TASK ITEM
Repeat each entry word for word; the images are not part of the copy.

PROVIDED RECORDS

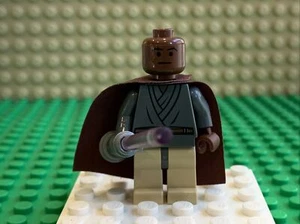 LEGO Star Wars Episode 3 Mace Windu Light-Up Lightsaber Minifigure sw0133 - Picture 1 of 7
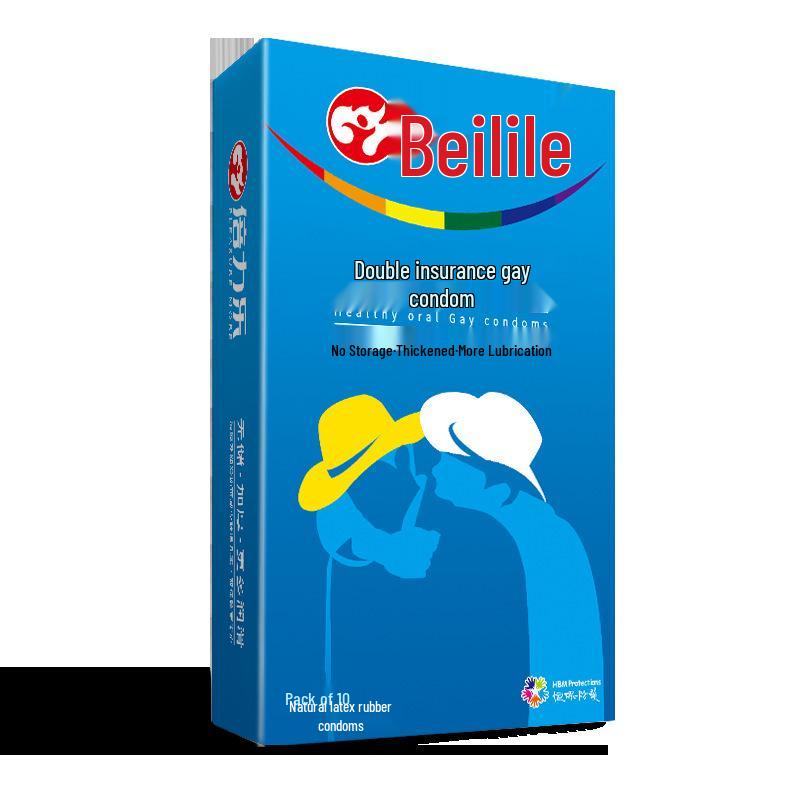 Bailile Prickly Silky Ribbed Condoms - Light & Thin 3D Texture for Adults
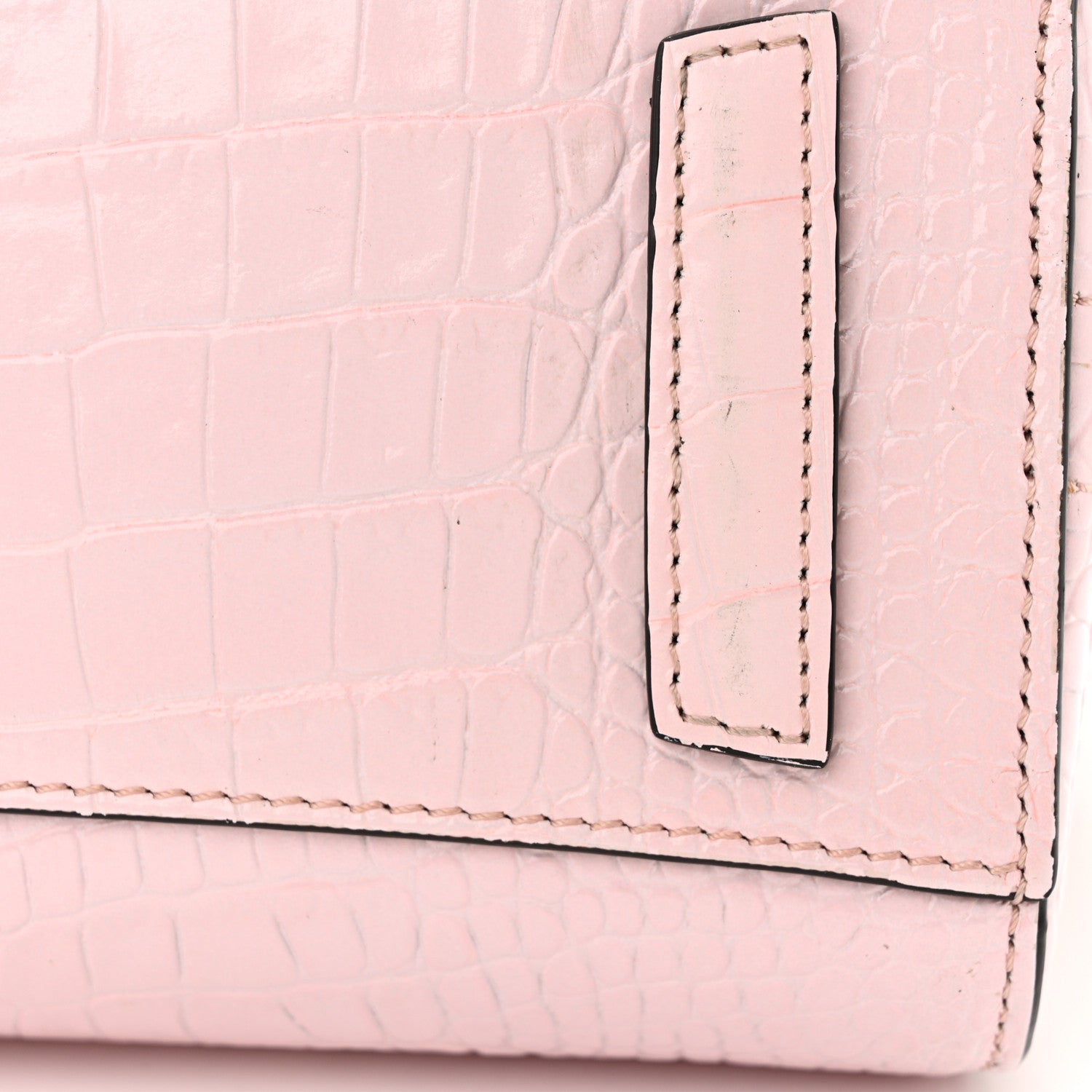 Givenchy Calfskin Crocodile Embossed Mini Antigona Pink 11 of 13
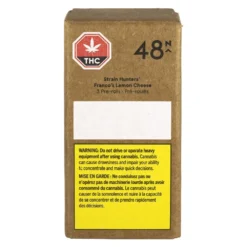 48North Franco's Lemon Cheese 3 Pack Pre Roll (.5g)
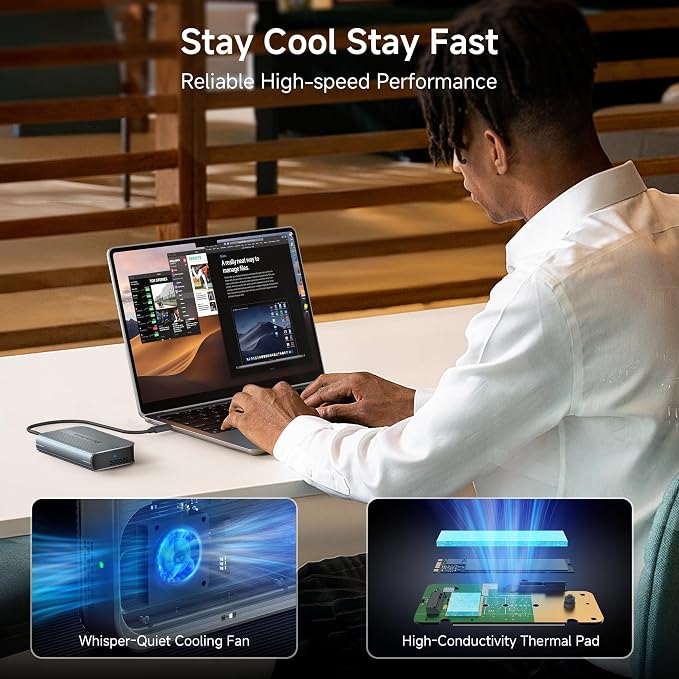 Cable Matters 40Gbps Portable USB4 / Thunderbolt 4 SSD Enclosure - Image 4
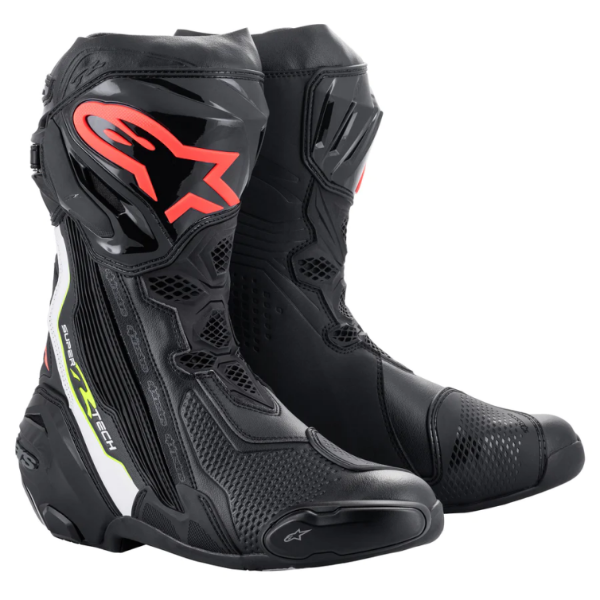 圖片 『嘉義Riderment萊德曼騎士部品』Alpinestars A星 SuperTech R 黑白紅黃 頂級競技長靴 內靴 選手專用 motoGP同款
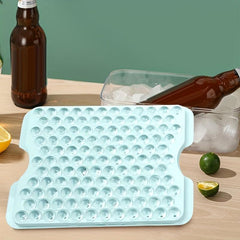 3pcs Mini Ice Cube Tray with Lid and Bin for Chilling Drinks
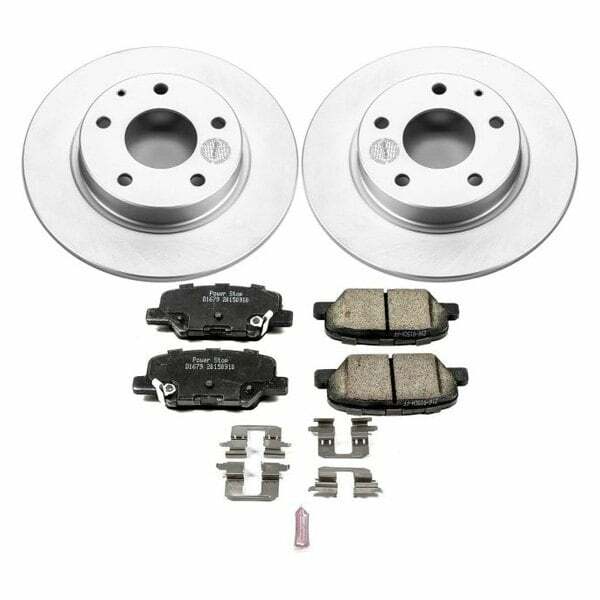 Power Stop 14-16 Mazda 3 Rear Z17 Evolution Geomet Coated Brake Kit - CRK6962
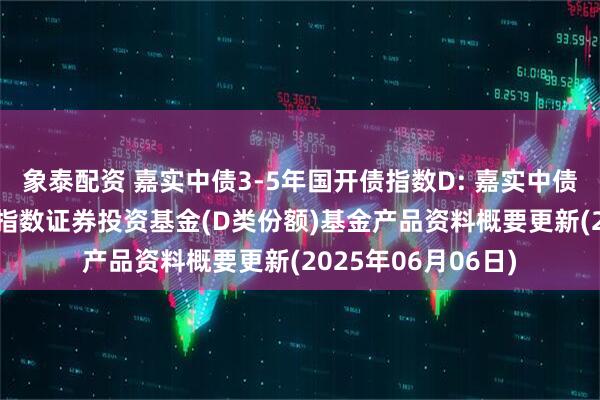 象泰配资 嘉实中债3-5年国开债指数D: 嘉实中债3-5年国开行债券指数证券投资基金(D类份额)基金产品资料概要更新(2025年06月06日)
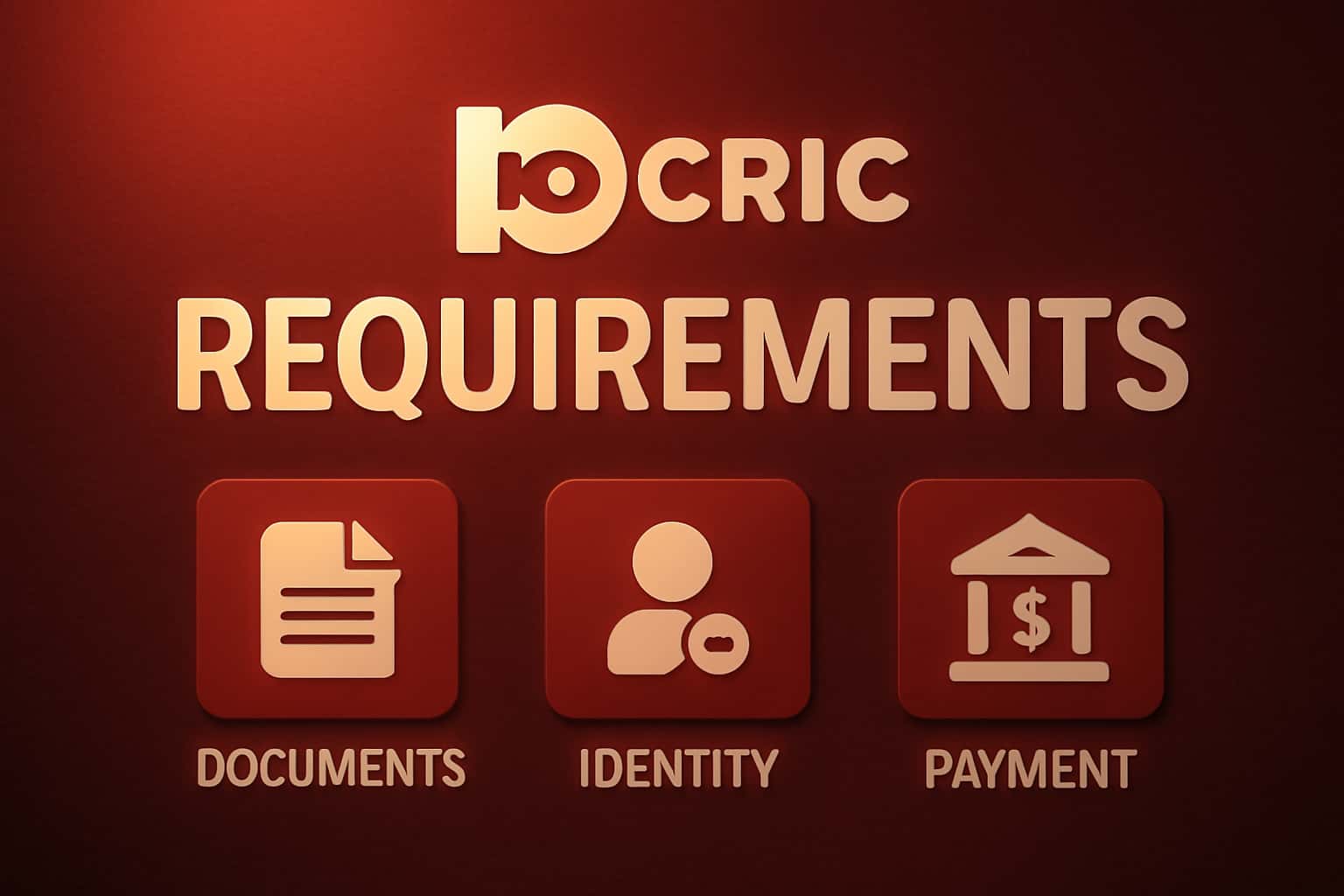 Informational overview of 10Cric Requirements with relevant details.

RESPONSE AREA
 LEGO Star Wars Episode 3 Mace Windu Light-Up Lightsaber Minifigure sw0133 - Picture 1 of 7
 Bailile Prickly Silky Ribbed Condoms - Light & Thin 3D Texture for Adults
 Givenchy Calfskin Crocodile Embossed Mini Antigona Pink 11 of 13
 48North Franco's Lemon Cheese 3 Pack Pre Roll (.5g)
 Cable Matters 40Gbps Portable USB4 / Thunderbolt 4 SSD Enclosure - Image 4
 圖片 『嘉義Riderment萊德曼騎士部品』Alpinestars A星 SuperTech R 黑白紅黃 頂級競技長靴 內靴 選手專用 motoGP同款
 3pcs Mini Ice Cube Tray with Lid and Bin for Chilling Drinks
 Power Stop 14-16 Mazda 3 Rear Z17 Evolution Geomet Coated Brake Kit - CRK6962
 象泰配资 嘉实中债3-5年国开债指数D: 嘉实中债3-5年国开行债券指数证券投资基金(D类份额)基金产品资料概要更新(2025年06月06日)
 Informational overview of 10Cric Requirements with relevant details.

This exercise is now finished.